Die Klägerin war Miterbin ihrer Mutter und hat diese bis zum Tod ca. zehn Jahre auf eigene Kosten gepflegt. Das Erbschaft- und Schenkungsteuerrecht sieht in § 13 Abs. 1 Nr. 9 ErbStG einen Freibetrag in Höhe von 20.000 Euro für denjenigen vor, der den Erblasser unentgeltlich oder gegen unzureichendes Entgelt gepflegt hat. Dieser Freibetrag gilt sowohl für Erwerbe von Todes wegen, aber auch für Erwerbe unter Lebenden, also Schenkungen.
Diesen Freibetrag untersagte das Finanzamt jedoch der Klägerin, da die Steuerrichtlinien ausführen, dass der Freibetrag nicht für diejenigen Erwerber in Betracht kommen, die gesetzlich zur Pflege oder zum Unterhalt (wie z.B. Ehegatten, Verwandte in gerader Linie, also auch Kinder gegenüber ihren Eltern) verpflichtet sind.

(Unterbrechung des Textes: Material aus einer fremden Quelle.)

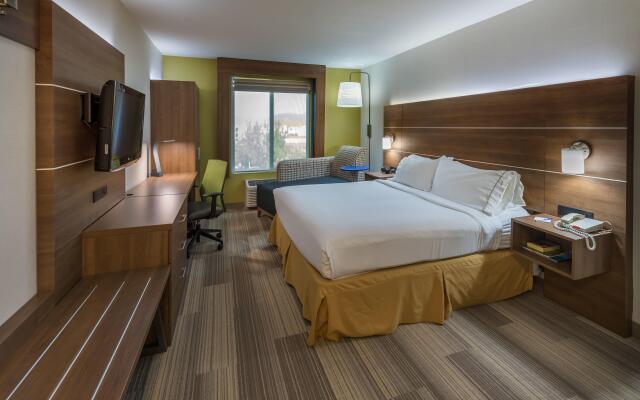 Holiday Inn Express & Suites Carson City by IHG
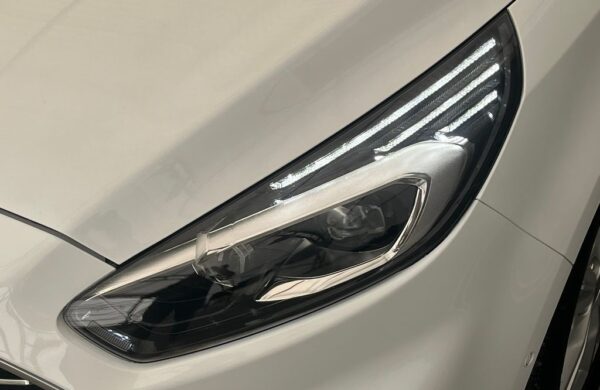 Ford S-Max 2.0 EB Titanium LED manuál, nabídka 57ef9a25-b9ed-4e33-88db-e98197014b0a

Das Niedersächsische Finanzgericht und der Bundesfinanzhof wiedersprechen aber dieser Verwaltungsauffassung. Danach ist der Begriff "Pflege" grundsätzlich weit auszulegen und erfasst die regelmäßige und dauerhafte Fürsorge für das körperliche, geistige und seelische Wohlbefinden einer hilfsbedürftigen Person. Dabei steht eine gesetzliche Unterhaltspflicht der Gewährung des Pflegefreibetrages in Höhe von 20.000 Euro nicht entgegen. Durch den Pflegefreibetrag soll auch ein freiwilliges Opfer der pflegenden Person honoriert werden.
Weiterhin hat der BFH entschieden, dass sich die Höhe des Freibetrages nach den Umständen des Einzelfalls richtet. Wurde die Pflegeleistung – wie im Streitfall – über einen langen Zeitraum erbracht, kann der Freibetrag ohne Einzelnachweis in voller Höhe gewährt werden.
Hinweis:
Der BFH stellt sich ganz klar gegen die bisherige Meinung der Finanzverwaltung. Dabei ist zu berücksichtigen, dass der Freibetrag sowohl bei einem Erbfall, aber auch bei Schenkungen gewährt werden muss.